Die Entscheidung für Münster fiel im MDE-Vorstand Ende Oktober 1975. Das Besondere war, dass zunächst ein Archiv ohne Bestand gegründet wurde, am ehesten noch einem Konto zu vergleichen, das ohne nennenswerte Einzahlung eröffnet wird. Die vertragliche Installation eines MDE-Archivs an der Universitätsbibliothek Münster war also anfangs nicht mehr als ein rechtlicher Rahmen für den Eingang von Sammlungsmaterial.

Zwar war schon ein solider Fundus vorhanden bei dem sicherlich wichtigsten "Paten" des gerade aus der Taufe gehobenen Archivs: Gustav Moeßner (1903-1993). Nach der Vertreibung aus Schlesien lebte er Jahrzehnte lang als Buchbindermeister in Weilheim / Teck. Von 1947 – 1979 war er Schriftleiter des "Allgemeinen Anzeigers für Buchbindereien". 1951 war er maßgeblich an der Neugründung des MDE beteiligt, lange Jahre Schriftführer des Vereins und seit 1970 Ehrenmitglied im MDE. Immer wieder hatte er auf Jahresversammlungen des MDE darauf hingewiesen, dass man ein Archiv mit einer gut ausgebauten Fachbuchsammlung brauche. Und was noch wichtiger war: Moeßner hatte das schon vorliegende Aktenmaterial von den Jahresversammlungen usw. sowie die wenigen Bücher im MDE-Besitz gesammelt und vorgeordnet und war überdies bereit, einen großen Teil seiner eigenen Fachbücher und künstlerischen Handeinbände, darunter auch sehr gute Arbeiten anderer Meister, als Grundstock des Archivs zu stiften. Bis in sein hohes Alter ist er als Spender und Mentor eine wesentliche Stütze des Archivs geblieben.
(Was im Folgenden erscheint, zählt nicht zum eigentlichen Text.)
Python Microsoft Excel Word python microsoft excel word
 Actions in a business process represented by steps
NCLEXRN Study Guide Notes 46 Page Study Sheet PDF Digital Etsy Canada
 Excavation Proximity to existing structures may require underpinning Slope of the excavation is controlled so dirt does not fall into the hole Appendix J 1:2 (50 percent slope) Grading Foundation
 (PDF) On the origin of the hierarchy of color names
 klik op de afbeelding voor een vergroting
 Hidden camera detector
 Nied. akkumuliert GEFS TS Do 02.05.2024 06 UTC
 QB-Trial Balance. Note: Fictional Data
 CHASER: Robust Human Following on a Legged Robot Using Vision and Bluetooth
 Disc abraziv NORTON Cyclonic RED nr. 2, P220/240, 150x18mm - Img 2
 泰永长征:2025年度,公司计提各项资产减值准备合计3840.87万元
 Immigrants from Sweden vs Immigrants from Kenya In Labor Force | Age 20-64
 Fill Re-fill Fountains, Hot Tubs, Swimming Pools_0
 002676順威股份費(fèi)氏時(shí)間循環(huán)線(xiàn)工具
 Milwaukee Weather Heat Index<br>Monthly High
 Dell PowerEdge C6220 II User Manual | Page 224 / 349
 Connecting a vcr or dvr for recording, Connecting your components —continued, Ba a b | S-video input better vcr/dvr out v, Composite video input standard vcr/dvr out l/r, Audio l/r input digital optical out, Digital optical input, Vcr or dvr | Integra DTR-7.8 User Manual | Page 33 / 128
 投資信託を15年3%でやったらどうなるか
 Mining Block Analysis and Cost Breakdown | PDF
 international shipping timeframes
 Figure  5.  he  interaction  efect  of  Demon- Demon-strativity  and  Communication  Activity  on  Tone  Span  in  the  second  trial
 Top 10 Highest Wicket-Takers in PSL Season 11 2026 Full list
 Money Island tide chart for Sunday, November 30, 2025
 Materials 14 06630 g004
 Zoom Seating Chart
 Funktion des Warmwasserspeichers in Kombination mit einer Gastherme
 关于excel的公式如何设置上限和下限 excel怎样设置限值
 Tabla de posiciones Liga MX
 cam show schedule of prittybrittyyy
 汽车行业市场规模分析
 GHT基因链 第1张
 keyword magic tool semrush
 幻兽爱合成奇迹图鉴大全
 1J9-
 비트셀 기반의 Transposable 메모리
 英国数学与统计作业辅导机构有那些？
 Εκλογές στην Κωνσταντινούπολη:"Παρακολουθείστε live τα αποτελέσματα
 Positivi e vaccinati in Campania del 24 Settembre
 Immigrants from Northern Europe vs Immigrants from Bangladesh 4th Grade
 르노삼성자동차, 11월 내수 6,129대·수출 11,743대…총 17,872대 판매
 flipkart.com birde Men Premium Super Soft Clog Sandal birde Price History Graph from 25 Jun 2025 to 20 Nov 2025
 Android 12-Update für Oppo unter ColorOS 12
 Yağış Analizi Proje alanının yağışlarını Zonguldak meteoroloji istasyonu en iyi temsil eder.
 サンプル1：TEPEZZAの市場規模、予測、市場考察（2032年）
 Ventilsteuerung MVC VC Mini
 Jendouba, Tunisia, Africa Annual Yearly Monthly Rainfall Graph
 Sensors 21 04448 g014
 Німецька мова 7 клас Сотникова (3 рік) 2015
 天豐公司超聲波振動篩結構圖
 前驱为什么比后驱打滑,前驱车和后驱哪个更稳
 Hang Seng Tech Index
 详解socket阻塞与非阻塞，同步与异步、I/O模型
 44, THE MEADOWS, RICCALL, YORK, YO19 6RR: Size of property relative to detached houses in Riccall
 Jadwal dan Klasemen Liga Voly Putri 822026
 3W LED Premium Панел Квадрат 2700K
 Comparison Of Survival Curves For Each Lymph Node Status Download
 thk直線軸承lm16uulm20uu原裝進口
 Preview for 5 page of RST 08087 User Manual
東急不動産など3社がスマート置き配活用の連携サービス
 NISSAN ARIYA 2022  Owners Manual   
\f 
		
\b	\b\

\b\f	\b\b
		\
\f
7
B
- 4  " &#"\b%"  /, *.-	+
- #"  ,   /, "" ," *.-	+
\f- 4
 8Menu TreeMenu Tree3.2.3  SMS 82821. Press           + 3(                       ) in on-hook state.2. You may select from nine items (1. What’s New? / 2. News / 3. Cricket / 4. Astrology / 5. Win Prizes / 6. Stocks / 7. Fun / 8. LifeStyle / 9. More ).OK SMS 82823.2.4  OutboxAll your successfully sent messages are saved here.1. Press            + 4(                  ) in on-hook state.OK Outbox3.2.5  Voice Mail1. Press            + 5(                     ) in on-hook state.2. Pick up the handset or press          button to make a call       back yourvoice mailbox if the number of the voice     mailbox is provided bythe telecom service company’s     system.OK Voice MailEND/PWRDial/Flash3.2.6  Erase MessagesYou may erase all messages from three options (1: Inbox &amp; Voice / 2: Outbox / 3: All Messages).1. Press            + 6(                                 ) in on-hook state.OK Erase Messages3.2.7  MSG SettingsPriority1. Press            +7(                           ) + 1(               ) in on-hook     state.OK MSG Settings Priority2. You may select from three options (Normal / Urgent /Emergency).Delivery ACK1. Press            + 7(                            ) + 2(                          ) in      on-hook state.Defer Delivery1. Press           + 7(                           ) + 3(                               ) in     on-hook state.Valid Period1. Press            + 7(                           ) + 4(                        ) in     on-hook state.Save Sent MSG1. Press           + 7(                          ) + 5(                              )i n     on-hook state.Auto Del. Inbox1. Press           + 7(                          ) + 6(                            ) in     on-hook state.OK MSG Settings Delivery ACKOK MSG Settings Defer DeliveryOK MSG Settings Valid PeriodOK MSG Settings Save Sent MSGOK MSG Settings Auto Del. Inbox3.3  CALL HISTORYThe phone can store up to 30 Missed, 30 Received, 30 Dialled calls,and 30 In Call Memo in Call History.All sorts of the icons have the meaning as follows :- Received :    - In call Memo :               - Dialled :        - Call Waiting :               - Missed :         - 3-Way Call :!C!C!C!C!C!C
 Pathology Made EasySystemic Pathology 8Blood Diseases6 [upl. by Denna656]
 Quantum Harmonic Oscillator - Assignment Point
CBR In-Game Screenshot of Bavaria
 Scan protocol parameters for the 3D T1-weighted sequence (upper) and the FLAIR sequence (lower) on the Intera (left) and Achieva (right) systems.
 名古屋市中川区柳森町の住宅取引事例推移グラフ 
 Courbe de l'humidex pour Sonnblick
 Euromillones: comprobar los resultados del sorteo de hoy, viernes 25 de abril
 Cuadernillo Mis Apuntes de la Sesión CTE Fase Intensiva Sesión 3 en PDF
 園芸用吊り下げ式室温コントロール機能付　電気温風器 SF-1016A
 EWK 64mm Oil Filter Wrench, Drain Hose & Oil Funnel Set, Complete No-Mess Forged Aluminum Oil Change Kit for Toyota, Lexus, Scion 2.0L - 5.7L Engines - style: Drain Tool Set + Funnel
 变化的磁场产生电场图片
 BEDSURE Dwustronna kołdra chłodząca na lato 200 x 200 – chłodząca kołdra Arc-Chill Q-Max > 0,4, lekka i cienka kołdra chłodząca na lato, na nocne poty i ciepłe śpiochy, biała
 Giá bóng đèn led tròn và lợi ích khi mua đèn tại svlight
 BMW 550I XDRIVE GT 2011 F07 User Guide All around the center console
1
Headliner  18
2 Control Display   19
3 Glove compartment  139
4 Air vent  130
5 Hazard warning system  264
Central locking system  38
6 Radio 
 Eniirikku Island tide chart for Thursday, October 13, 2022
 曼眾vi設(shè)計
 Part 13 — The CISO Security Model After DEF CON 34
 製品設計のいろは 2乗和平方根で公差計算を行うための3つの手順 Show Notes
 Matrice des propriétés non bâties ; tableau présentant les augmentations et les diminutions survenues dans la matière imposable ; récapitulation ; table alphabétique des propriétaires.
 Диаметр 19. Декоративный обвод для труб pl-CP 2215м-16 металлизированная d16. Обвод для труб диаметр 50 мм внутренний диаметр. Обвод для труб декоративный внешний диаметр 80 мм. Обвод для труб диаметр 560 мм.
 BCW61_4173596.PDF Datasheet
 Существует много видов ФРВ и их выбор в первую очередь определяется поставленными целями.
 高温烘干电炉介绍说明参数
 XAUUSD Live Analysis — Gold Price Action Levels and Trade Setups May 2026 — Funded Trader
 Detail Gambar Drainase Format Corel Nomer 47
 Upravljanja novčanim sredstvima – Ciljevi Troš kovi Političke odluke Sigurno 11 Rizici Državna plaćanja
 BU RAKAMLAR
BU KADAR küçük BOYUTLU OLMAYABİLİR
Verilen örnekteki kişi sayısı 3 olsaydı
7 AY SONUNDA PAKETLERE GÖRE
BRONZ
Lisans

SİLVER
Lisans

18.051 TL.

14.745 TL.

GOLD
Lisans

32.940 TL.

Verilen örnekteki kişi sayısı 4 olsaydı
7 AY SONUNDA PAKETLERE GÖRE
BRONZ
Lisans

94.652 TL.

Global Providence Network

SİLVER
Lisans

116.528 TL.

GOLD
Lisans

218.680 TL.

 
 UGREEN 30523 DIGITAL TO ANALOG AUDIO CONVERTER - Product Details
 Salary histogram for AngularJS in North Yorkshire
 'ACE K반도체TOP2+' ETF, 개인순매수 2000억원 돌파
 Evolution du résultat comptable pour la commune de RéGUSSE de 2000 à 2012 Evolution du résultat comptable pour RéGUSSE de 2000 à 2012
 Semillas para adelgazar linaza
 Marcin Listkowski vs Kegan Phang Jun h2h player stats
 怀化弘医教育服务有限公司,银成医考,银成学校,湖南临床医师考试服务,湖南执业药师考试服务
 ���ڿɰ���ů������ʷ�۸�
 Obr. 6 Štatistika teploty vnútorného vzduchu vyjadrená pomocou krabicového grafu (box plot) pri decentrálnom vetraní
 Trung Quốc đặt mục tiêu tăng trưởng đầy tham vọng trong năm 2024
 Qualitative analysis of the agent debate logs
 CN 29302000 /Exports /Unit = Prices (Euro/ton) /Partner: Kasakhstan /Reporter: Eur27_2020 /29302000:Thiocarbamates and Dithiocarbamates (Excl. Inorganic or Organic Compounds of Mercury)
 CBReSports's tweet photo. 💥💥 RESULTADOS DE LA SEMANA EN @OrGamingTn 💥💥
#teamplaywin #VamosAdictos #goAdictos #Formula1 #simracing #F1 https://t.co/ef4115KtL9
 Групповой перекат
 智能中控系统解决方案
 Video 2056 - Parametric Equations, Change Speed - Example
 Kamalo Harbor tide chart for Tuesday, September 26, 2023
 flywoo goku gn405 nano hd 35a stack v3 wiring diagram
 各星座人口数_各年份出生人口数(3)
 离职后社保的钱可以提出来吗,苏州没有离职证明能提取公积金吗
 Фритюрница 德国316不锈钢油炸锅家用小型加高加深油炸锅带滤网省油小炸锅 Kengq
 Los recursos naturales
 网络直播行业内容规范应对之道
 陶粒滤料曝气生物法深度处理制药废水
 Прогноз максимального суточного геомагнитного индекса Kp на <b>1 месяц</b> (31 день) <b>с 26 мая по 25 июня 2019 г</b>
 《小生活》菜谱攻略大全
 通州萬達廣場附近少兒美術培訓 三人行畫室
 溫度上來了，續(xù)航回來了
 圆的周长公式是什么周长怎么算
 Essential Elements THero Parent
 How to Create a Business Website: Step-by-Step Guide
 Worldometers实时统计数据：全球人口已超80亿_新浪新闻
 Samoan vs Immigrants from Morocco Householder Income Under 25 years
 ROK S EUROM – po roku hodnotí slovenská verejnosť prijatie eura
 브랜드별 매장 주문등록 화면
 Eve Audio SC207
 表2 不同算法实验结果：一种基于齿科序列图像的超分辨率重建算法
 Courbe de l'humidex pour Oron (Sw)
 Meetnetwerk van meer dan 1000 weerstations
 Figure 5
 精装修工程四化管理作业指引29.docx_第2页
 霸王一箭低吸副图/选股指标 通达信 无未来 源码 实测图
Er war auch maßgeblich an den Formulierungen des Vertrages zwischen dem MDE und der Bibliothek beteiligt.

Der Vertrag unterscheidet drei Gruppen von Archivmaterial:

  • Hand- und maschinenschriftliches Material, Photos, Prospekte usw.
  • Fachliteratur
  • Bücher mit künstlerischen Handeinbänden.